**Work instructions:** Could you repeat the entries below exactly, but only from the line with "A picture of Okra with Potatoes." through the line with "El alcalde de", and without any picture?

**Dataset:**
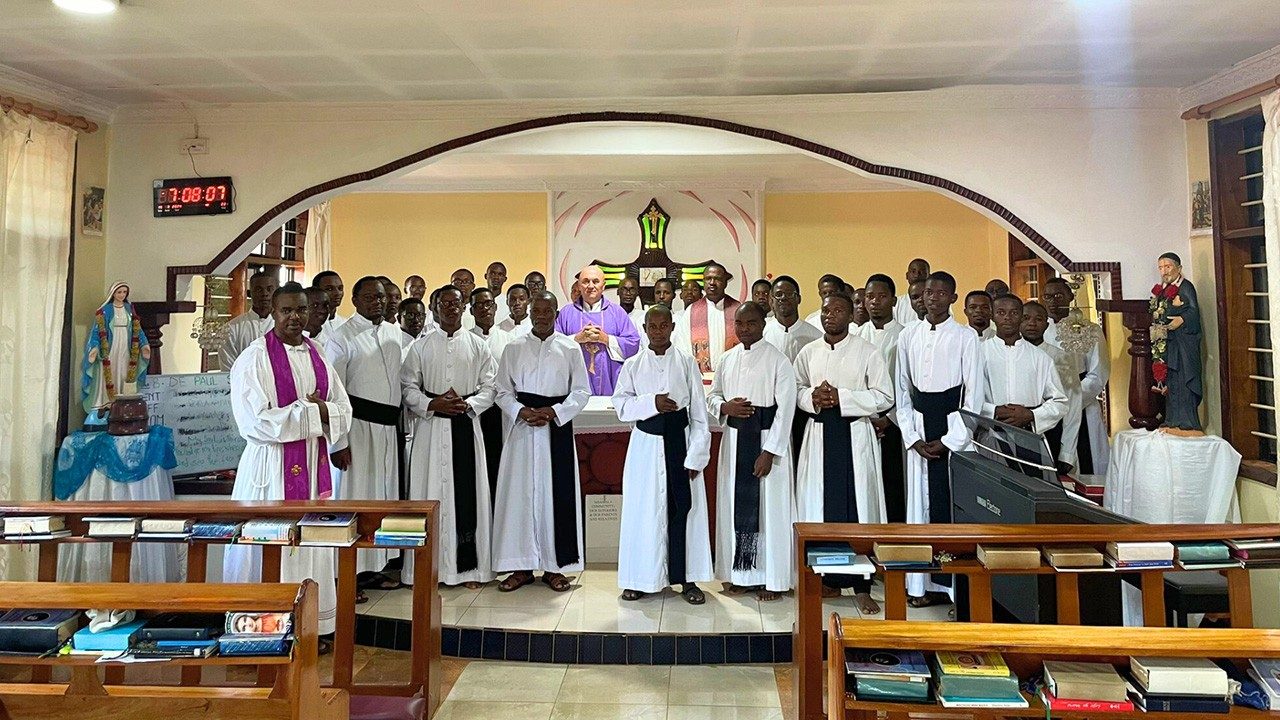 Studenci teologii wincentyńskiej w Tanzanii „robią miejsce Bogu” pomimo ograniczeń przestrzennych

---

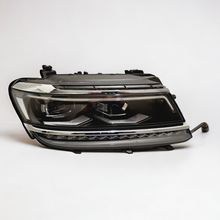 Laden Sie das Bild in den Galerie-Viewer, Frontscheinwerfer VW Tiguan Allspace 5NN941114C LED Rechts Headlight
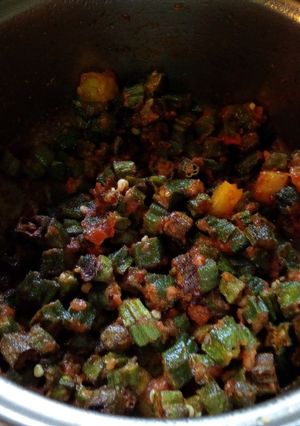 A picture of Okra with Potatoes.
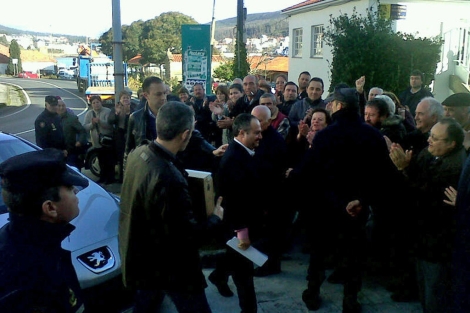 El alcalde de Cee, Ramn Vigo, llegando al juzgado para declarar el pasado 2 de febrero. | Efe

...

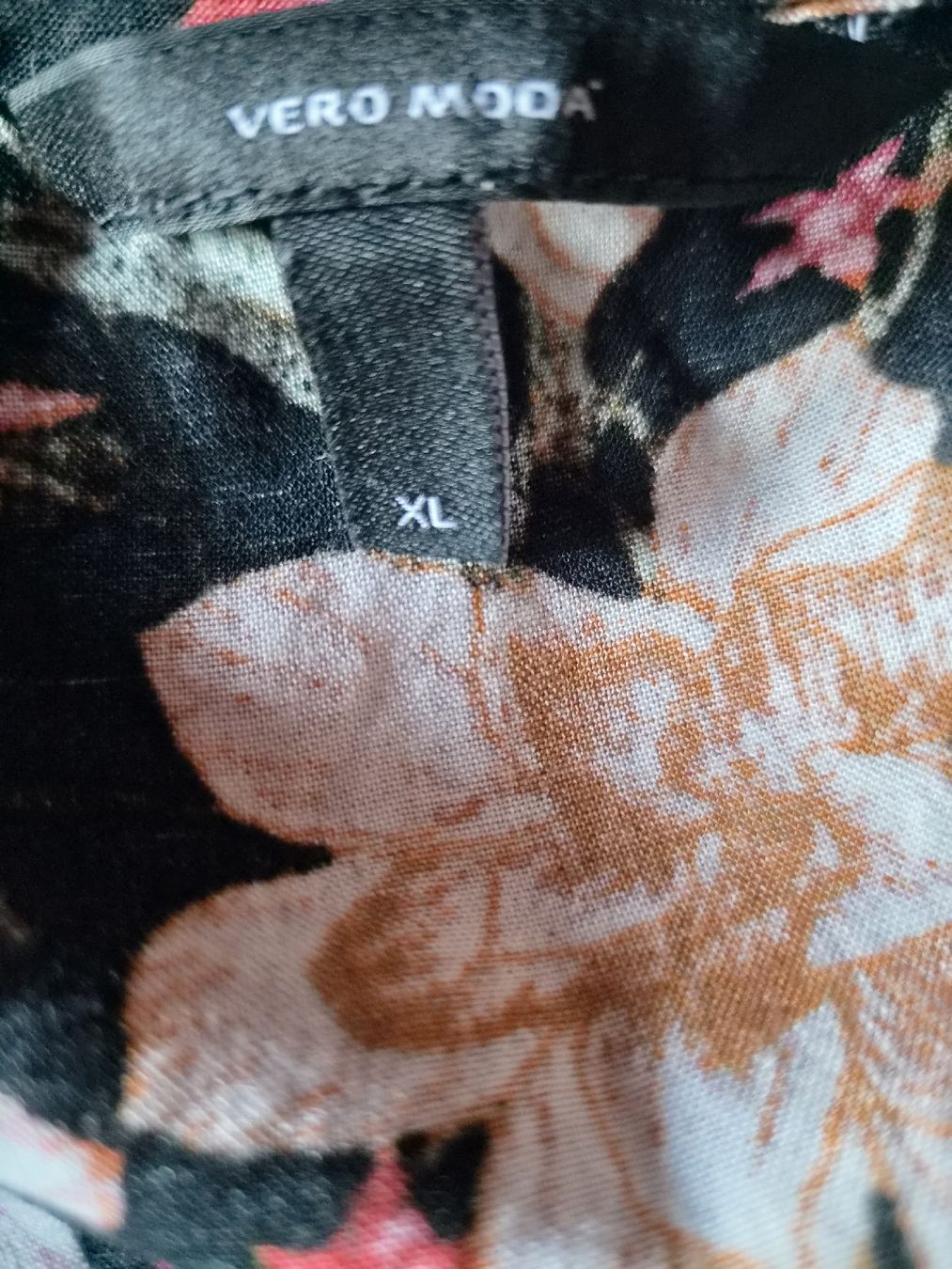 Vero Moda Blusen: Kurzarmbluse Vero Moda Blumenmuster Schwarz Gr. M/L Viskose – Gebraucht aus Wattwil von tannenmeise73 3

**Expected answer:**
 A picture of Okra with Potatoes.
 El alcalde de Cee, Ramn Vigo, llegando al juzgado para declarar el pasado 2 de febrero. | Efe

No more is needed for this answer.